New York Times ran an article and accompanying video showing a Success Academy teacher berating a young child, ripping up the child's work in the child's face, sending the child to the corner and loudly accusing the child of "confusing everybody" and "infuriating me." On the same day Success Academy CEO, Eva Moskowitz, held a news conference, with the teary-eyed teacher, Charlotte Dial, standing at her side, in which Moskowitz defended the teacher, her schools and her policies, berated the New York Times for coverage bias, and described the incident as an "anomaly."
First of all, let's understand that the incident was anything but an anomaly. The reason an assistant teacher in the room surreptitiously shot the video was because she was concerned about this teacher's "daily harsh treatment of children." Secondly, we need to understand that this type of teaching is rewarded in the Success Academy. Ms. Dial was considered so effective that she was promoted to a position where she could model practice for other teachers. Thirdly, we need to understand that this is a pattern that is repeated over and over in Success Academy schools, where one principal kept an infamous "got to go" list of struggling learners he targeted for removal from the school and where harsh discipline and instructional practices have been well documented.
One thing that surprised me in these articles and in the comments that people left online in response, was how so many people see the teacher's behavior not as the child abuse that it appeared to be to me, but as a necessary part of the discipline practices needed for children to learn. One mother of three Success Academy children said, "I think discipline is necessary." One online commentor said the incident wasn't worth an article in the New York Times and we need to stop "coddling children." Another parent said, "I wish my child could have a math teacher like Ms. Dial."
I agree that discipline is a necessary part of learning. Children learn best in an environment that is calm, consistent and well-ordered. But discipline should not and cannot be equated with fear. Fear does irreparable harm to learning. The Times article quotes Dr. James P. McDonald, professor at NYU, who, after viewing the video said,
Because the child's learning is still a little fragile - as all learning is initially - she made an error. Good classrooms (and schools) are places where errors are regarded as a necessary byproduct of learning. But not here. Making an error in (Ms. Dial's) classroom is a social offense."
He says that the classroom is likely full of fear and that children will likely not feel safe making mistakes.
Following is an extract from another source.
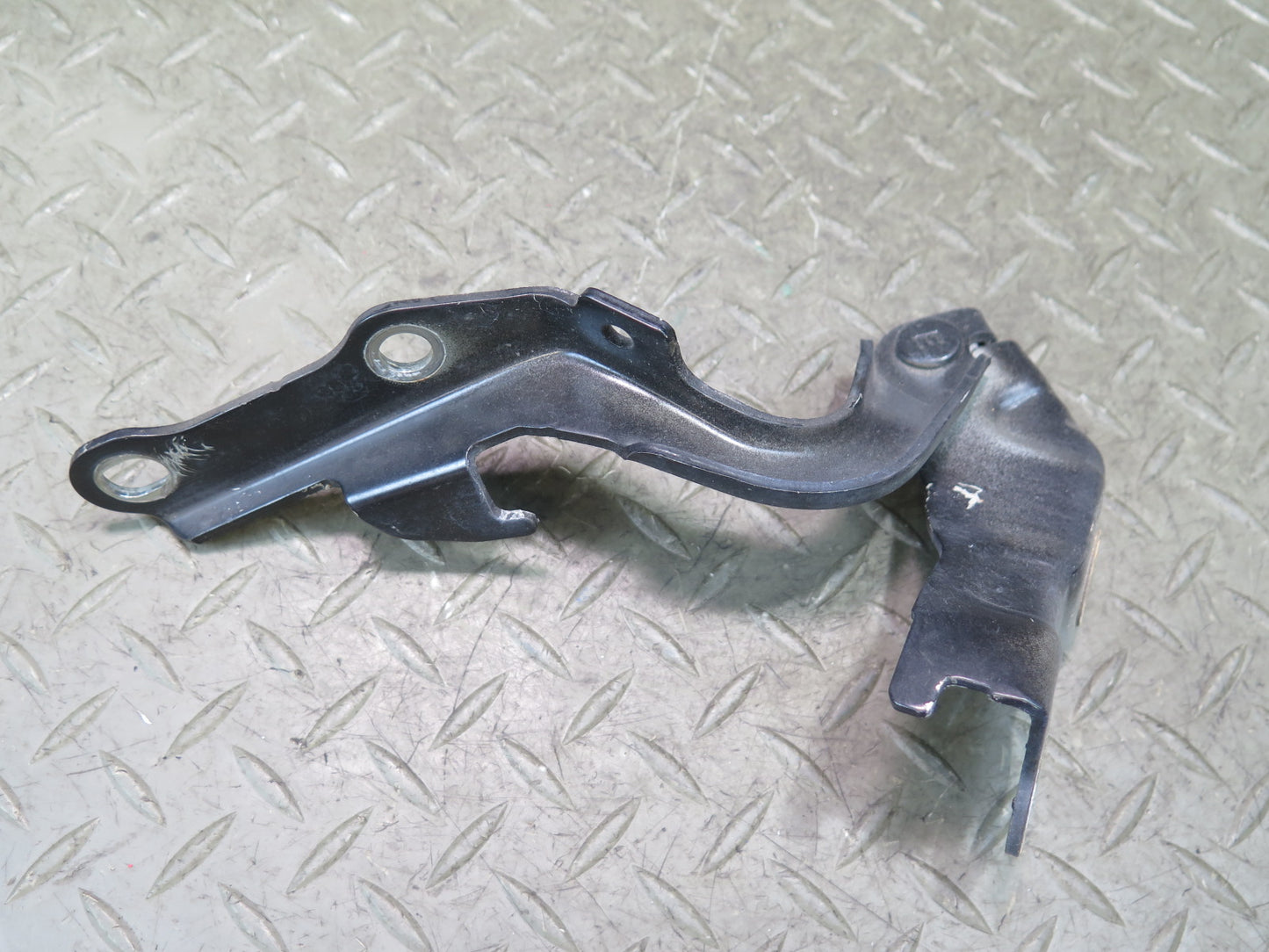 99-01 Toyota Crown JZS175 Front Left & Right Hood Hinge Black Set OEM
In his book, The Motivated Student: Unlocking the Enthusiasm for Learning (ASCD, 2009), Bob Sullo dedicates the first chapter to eliminating fear in the classroom. He says that "fear remains one of the most widely used strategies for managing student behavior and encouraging academic achievement", but "fear compromises our ability to learn." Learning is risky business. As Dr. McDonald says, learning is fragile. Children will not and cannot take the risks necessary to learn in an atmosphere of fear. Why would any child in a classroom run on fear take the risk of asking a question for clarification? Why would any child raise her hand to answer a question if there was a good chance the answer would be greeted by public ridicule?
The National Scientific Council on the Developing Child (2010) says that
It is essential that that children have safe, secure environments in which to grow, learn and develop healthy brains and bodies. Science shows that early exposure to circumstances that produce persistent fear and chronic anxiety can have lifelong effects on brain architecture.
I believe that it is safe to say that many of the children who attend Success Academy schools come from neighborhood environments where fear and chronic anxiety are the norm. The Success Academy school, rather than providing a safe haven for these fragile young learners, doubles down on fear and anxiety and introduces it into the learning environment as well.
There is no excuse for using fear to intimidate or motivate children. It is simply unacceptable and abusive and ultimately counterproductive to learning. Success Academy can boast of its high test scores, but any serious educator must ask the question, "At what price this very narrow success?"
I cannot help but notice in the video that this white teacher is belittling a young African American child. I am put in mind of the plantation of the Antebellum south, where instead of ripping up a child's paper, the master meted out forty lashes with the whip.